I've never seen anything like it.
15 out of 19 of the 9-11 hijackers are Saudis, right? "Saddam, Saddam. Saddam"
Osama's still on the loose, right? "Bill Clinton had a chance to get him and he didn't."
Tom Delay is indicted... twice, right? "The prosecutor is a political lackey."
Bill Frist is under investigation for insider trading, right? "He has every right to protect his investments."
Bush said that ANY member of his administration who was involved in ANY way in the Valerie Plame debacle would be immediately removed, right? "He hasn't been convicted of a crime." (yet)
On and on and on.
And on.
Oh, look at the "Cost of the War" ticker up to the right. We passed the 200 billion mark.
I was playing with that figure.
Let's see, that would be enough to fund the Apollo Space program from the sixties eight times (adjusted for inflation), or buy 20 million people ten thousand dollar cars - or completely fund a twenty year project to allow the U.S. to quit depending on the Oil from the Middle East at all, or oil as our main fuel at all.
Saddam is in jail though... so we've got that going for us. Nothing else has been gained that anyone can point to with pride, but, we do have that. Oh, plus those really cool playing cards they were selling for a while, and, I forgot, the magnetic ribbon business is through the roof!

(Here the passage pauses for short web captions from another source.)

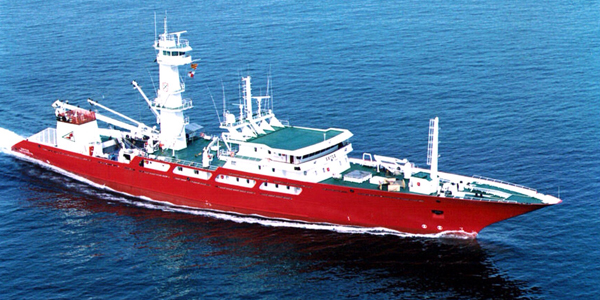 Large Red Boat moving in the ocean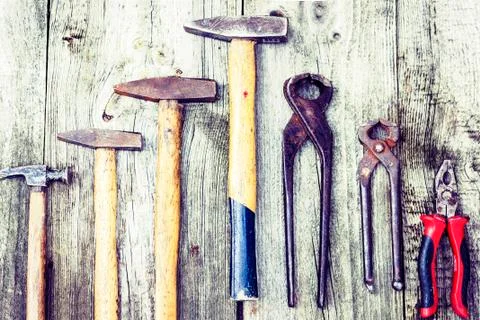 Set of vintage hand construction tools hammers on a wooden background, retro Stock Photos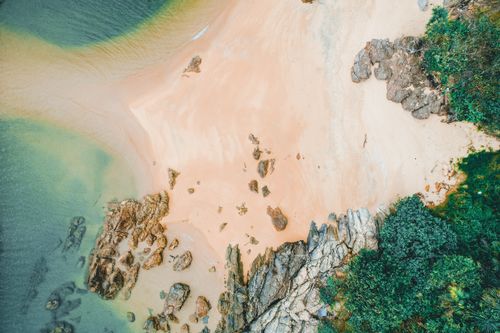 Free A breathtaking aerial view showcasing a sandy beach with rocky coastline and lush greenery, perfect for travel themes. Stock Photo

Plus, we've got that new term in the language for reporters on the scene... "embedded."
Maybe I'm wrong about nothing good having come out of this! I hear the Iraqi mortuary business is just booming!

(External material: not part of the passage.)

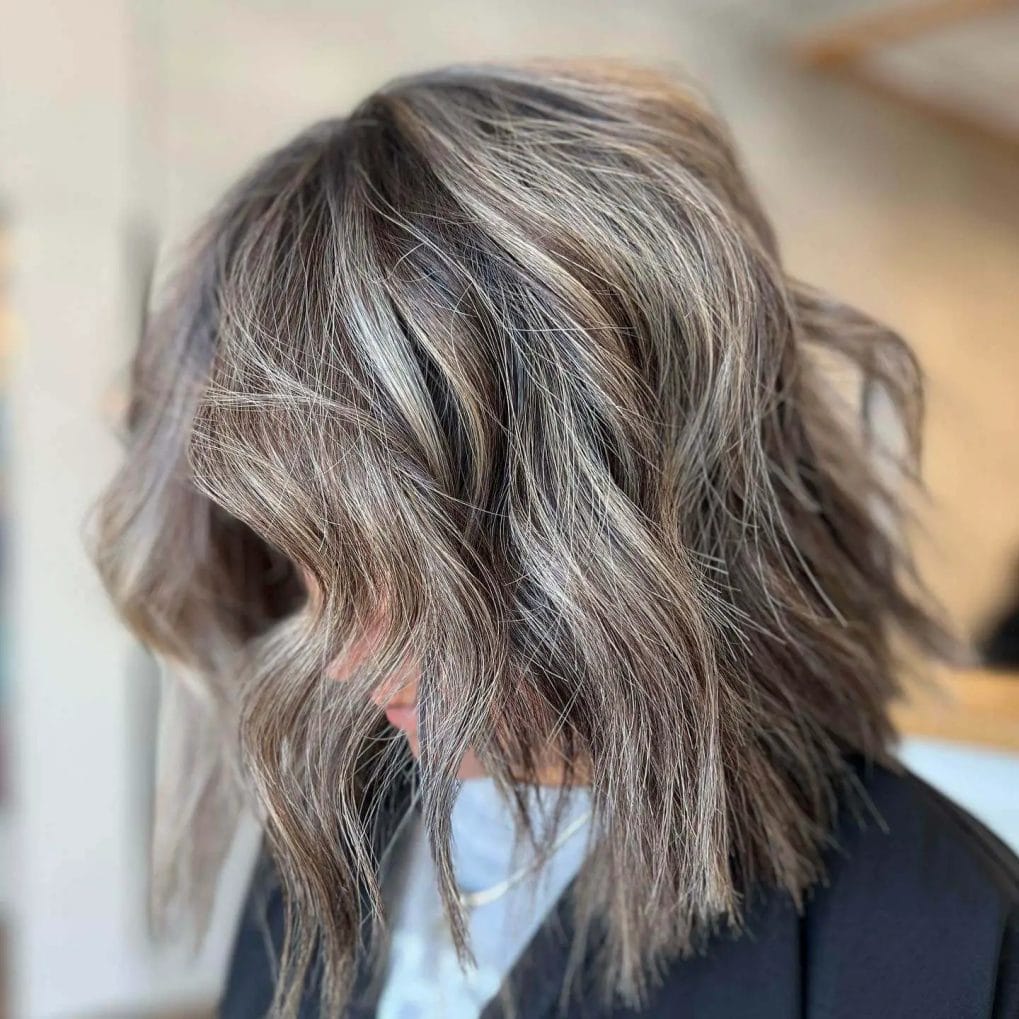 Choppy, tousled bob with airy curtain bangs in ash and honey tones.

I'm going to send everyone to a web site and encourage anyone who likes wonderful music to purchase my kid's band's new C.D.
They are very very good.
The band is made up of my son Ryan, who plays keys, does vocals and is the principle writer. Now, I don't want to brag more than is expected or necessary, but this is one incredible composer. His musicianship has been developing steadily for about 20 years now, and at 27, he's written scores for three movies, his first solo c.d. - eleven years ago now - and now two c.d.'s with Eyestrings, plus dozens upon dozens of songs, most of which are more than just "fun" to listen to. He was a creative writing major in college, and when I read his lyrics, I sometimes feel I shouldn't bother ever trying to put two sentences together again, because I know I'll never come close to writing lines anywhere near as clever, touching, witty, and sometimes, powerful.
Alan, who plays lead guitar and has been a close friend of my son's for at least fifteen years. They've collaborated on projects for over a decade. Alan did a stint in L.A. a few years ago playing with some talented people and studying with some top-notch musicians.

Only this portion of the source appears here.